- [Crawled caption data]
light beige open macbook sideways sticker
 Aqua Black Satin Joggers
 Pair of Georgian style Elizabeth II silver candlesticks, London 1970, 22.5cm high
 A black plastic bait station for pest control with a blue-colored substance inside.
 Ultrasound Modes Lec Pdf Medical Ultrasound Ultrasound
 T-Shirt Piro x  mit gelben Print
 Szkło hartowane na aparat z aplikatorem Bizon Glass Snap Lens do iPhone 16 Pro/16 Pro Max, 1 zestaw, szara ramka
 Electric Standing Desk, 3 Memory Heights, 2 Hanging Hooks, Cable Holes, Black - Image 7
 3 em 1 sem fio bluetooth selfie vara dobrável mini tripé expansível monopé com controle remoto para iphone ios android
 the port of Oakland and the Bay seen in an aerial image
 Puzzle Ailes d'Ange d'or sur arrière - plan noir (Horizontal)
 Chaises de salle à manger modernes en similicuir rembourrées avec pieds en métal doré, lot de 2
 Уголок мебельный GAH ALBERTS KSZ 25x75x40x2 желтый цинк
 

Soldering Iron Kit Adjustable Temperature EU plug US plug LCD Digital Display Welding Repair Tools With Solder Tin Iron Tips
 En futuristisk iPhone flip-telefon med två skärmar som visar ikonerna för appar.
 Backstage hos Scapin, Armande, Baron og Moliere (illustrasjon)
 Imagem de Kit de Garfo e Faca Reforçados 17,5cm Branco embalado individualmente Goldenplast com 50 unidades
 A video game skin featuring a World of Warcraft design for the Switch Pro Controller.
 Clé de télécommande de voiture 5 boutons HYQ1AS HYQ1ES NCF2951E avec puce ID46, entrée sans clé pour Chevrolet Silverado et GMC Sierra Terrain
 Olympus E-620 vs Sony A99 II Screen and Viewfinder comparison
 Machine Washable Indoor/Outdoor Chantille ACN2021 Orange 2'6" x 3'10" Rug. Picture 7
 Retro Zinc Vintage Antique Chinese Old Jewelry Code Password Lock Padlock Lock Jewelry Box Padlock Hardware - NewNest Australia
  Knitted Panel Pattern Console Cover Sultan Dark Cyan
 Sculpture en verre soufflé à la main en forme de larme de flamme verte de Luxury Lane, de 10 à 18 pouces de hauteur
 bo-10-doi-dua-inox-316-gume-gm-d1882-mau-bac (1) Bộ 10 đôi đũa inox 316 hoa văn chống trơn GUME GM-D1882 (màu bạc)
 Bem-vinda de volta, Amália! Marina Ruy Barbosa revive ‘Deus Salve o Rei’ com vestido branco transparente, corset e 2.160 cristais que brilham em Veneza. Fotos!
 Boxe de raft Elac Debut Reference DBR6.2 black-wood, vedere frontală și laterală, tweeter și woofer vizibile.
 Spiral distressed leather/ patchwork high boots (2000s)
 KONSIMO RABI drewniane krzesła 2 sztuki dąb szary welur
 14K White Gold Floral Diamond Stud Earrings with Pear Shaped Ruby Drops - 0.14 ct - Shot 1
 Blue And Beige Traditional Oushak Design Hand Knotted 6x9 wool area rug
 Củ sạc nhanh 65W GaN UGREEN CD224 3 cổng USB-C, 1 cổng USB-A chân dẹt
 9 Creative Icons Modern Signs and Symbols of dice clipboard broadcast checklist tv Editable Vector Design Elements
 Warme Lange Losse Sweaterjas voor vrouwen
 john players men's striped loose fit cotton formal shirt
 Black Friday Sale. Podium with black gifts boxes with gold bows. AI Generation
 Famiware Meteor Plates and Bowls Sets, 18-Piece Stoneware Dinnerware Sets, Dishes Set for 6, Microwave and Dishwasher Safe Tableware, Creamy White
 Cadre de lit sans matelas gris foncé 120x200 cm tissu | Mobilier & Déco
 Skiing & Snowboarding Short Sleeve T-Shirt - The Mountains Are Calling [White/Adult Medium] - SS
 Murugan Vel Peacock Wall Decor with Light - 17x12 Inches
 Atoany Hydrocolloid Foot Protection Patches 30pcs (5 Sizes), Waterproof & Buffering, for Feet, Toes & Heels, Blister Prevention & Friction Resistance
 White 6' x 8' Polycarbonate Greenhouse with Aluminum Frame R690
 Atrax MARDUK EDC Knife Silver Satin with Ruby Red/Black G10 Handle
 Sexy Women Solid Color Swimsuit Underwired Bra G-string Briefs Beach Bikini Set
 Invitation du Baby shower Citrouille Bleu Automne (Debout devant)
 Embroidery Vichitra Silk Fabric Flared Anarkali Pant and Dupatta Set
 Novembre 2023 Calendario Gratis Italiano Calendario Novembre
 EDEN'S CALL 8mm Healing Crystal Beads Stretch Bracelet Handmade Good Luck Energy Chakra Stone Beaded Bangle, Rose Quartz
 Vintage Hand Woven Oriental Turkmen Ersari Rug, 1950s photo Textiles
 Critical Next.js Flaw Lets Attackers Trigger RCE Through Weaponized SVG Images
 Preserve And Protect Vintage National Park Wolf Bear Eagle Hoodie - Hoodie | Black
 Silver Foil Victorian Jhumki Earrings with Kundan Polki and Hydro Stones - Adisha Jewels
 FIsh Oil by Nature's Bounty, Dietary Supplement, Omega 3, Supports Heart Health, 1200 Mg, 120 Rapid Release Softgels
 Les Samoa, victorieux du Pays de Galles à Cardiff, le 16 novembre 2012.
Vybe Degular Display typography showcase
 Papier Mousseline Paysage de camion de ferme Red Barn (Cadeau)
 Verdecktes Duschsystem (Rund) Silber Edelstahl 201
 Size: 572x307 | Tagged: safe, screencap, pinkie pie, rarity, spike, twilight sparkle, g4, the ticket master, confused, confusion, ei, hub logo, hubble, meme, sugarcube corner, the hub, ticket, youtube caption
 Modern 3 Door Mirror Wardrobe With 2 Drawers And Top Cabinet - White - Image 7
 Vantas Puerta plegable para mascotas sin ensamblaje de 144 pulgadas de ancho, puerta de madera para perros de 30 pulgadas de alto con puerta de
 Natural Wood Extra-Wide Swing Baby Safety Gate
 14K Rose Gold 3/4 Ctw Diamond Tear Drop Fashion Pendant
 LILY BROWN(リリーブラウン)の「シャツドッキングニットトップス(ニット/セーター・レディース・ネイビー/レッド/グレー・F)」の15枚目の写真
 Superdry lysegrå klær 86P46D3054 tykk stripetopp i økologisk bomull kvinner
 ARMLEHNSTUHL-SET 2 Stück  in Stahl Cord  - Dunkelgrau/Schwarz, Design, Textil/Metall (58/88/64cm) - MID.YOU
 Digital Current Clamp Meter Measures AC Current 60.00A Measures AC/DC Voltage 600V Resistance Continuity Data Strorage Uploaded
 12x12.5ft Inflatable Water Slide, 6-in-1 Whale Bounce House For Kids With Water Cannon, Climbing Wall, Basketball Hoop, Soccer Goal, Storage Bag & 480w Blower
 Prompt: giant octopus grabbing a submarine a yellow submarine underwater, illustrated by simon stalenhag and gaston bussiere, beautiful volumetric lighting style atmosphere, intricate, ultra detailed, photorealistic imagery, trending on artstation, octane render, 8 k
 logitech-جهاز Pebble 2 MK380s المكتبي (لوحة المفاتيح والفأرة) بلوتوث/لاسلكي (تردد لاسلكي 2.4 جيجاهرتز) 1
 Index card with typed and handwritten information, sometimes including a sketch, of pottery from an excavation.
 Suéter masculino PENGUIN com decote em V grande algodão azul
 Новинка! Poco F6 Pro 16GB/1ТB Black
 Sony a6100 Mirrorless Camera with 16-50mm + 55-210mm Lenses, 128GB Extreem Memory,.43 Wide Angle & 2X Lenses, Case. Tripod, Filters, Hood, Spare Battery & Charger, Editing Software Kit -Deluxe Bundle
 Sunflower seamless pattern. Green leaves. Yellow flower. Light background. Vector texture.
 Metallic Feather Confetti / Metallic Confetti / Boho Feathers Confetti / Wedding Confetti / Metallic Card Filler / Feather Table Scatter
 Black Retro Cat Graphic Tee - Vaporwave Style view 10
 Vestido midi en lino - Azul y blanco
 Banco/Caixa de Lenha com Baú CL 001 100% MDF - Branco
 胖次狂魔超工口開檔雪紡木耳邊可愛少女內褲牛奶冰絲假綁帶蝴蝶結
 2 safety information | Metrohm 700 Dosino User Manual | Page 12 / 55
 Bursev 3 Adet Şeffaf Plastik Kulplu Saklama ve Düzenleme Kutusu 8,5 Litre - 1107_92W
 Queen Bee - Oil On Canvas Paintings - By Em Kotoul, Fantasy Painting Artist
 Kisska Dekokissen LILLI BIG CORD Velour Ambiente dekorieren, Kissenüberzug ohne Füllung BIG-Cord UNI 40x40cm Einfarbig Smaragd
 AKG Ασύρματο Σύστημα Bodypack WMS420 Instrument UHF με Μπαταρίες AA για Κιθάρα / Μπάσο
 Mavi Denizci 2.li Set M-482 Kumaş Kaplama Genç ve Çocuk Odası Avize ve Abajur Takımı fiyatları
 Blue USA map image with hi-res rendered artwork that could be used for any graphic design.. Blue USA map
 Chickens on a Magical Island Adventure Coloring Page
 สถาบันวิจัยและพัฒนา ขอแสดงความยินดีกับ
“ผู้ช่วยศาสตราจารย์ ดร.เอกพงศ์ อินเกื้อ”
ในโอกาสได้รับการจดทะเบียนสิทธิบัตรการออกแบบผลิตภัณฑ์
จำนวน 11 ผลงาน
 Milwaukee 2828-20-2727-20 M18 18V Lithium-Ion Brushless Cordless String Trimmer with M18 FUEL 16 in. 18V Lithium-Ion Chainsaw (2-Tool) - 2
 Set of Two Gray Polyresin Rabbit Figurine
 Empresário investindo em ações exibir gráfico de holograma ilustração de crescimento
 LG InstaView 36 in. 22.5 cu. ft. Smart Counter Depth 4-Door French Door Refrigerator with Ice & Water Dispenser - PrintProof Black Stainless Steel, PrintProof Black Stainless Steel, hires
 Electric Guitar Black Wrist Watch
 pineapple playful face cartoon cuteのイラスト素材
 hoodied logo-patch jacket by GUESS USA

- [DIRECTIONS]
Restate verbatim all lines from the start of the data through the line containing "T-Shirt Piro x", with both ends kept.

- [YOUR RESPONSE]
light beige open macbook sideways sticker
 Aqua Black Satin Joggers
 Pair of Georgian style Elizabeth II silver candlesticks, London 1970, 22.5cm high
 A black plastic bait station for pest control with a blue-colored substance inside.
 Ultrasound Modes Lec Pdf Medical Ultrasound Ultrasound
 T-Shirt Piro x  mit gelben Print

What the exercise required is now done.